Vincent van Gogh was a driven and motivated individual who gleaned the best that he could extract from the unfathomable depth of his soul. He was the epitome of a genius whose obsession with Nature seemed to classify him in the category of eccentrics, a man whose dire circumstances served to embolden him all the more, in the pursuit of his freedom and spontaneity, to paint in bold and dazzling colors. He painted bright sunflowers, expanses of wheat fields and skies of blue, crimson and yellow. His obsession with night was such that he even considered it to be much more alive and brilliantly colored than day. He painted night scenes that interested him enormously. His night and daylight paintings are equally expressive and reflective of the quality and enormity of his unbridaled genius.

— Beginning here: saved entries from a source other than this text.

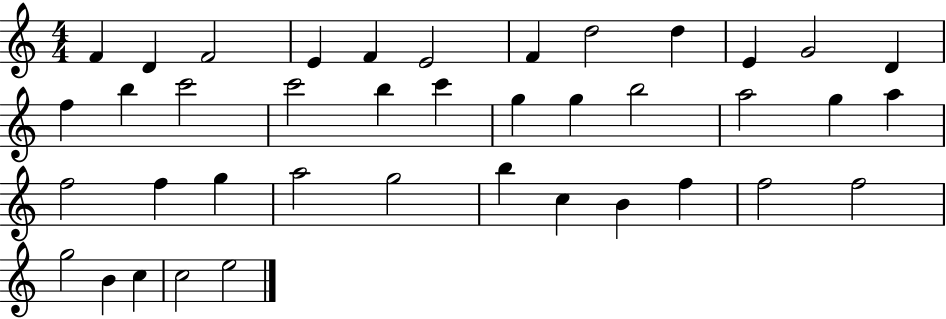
{
  \clef treble
  \numericTimeSignature
  \time 4/4
  \key c \major
  f'4 d'4 f'2 | e'4 f'4 e'2 | f'4 d''2 d''4 | e'4 g'2 d'4 | \break f''4 b''4 c'''2 | c'''2 b''4 c'''4 | g''4 g''4 b''2 | a''2 g''4 a''4 | \break f''2 f''4 g''4 | a''2 g''2 | b''4 c''4 b'4 f''4 | f''2 f''2 | \break g''2 b'4 c''4 | c''2 e''2 | \bar "|."
}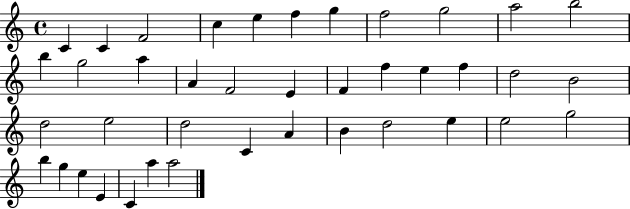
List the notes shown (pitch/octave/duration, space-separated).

C4/q C4/q F4/h C5/q E5/q F5/q G5/q F5/h G5/h A5/h B5/h B5/q G5/h A5/q A4/q F4/h E4/q F4/q F5/q E5/q F5/q D5/h B4/h D5/h E5/h D5/h C4/q A4/q B4/q D5/h E5/q E5/h G5/h B5/q G5/q E5/q E4/q C4/q A5/q A5/h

His 1888 Sunflowers is considered as the most popular still life in the history of art. His landscape, The Starry Night, ranks as the most popular painting at New York City’s Museum of Modern Art (MoMA). This inspired the museum to mount the exhibition, “Van Gogh and the Colors of the Night” (through January 5, 2009), after which it is scheduled to be exhibited at the Van Gogh Museum February 13-June 7, 2009). Vincent van Gogh’s periodic fits of depression and anguish did not take away his exuberance and consciousness of his achievements. Critics called him a chromomaniac. He rendered on canvas what he saw almost as quickly as he saw it. It was said that he was also literary-minded. He was particularly enamoured of Walt Whitman’s poems which served to accelerate his passion to paint Nature with all its beauty, until he suddenly lost control of his life. He began hallucinating and in his fit of anguish, severed part of his ear and delivered it to a prostitute at a local brothel. Since then, his hallucinations increased, and he spent most of the last two years of his life in asylums. But he never stopped painting. He continued to paint whatever he could see through the bars of his window or the surrounding gardens and fields. His last painting called Wheatfield with Crows was regarded as a work of genius, unrivalled. After painting it, his condition continued to deteriorate, until he shot himself and died two days later. He was buried in a graveyard next to the field.